Am 16.4. fand im Europäischen Parlament ein Seminar zum Europäischen Jahr zum
Freiwilligen Engagement (siehe Email vom 2.4.2009) statt.
Marian Harkin; MEP; stellte einleitend die Aktivitäten des EP zur Unterstützung des EYV 2011 vor und erinnerte an die Gründung der Interessengruppe des EP vor zwei Jahren und die schriftliche Erklärung des EP zur Einführung des Europäischen Jahres (siehe Anhang).
Bernd Biervert, Kabinett von Kommissar Figel, ging in Vertretung des Kommissars auf die Bedeutung der freiwilligen Arbeit ein.
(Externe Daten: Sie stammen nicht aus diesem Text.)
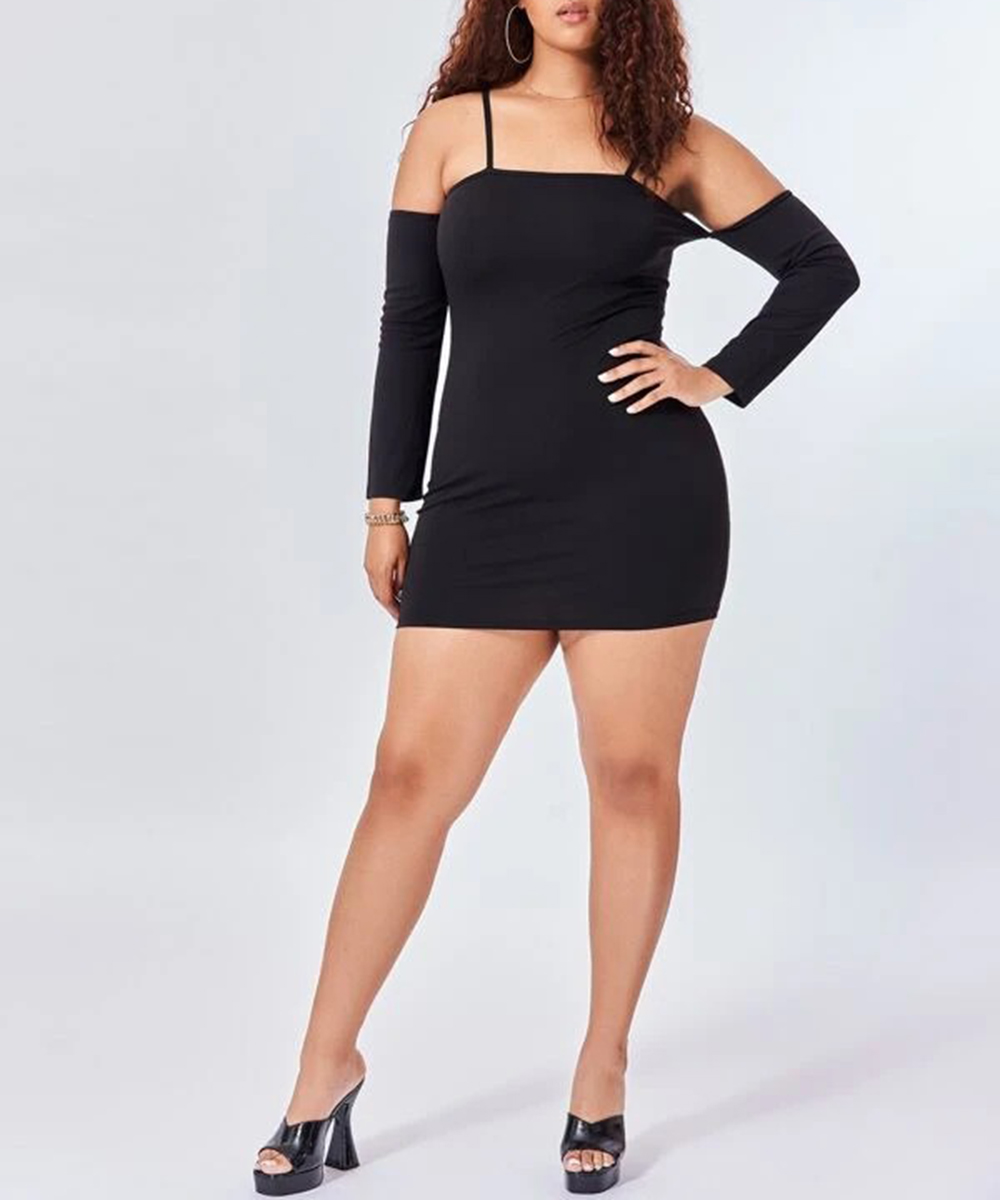 Rochie Scurta SHEIN CURVE, negru, 2XL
Die Kommission sehe im freiwilligen Engagement einen wesentlichen Ausdruck der Beteiligung der Bürger und eine Grundlage der europäischen Werte. Die Kommission habe nach anfänglicher Skepsis die Idee des Jahres aufgegriffen. Kritische Stimmen befürchteten, dass die
Erwartungen nicht erfüllt werden könnten. Angesichts der großen Unterstützung gehe man aber davon aus, dass das Jahr erfolgreich umgesetzt wird.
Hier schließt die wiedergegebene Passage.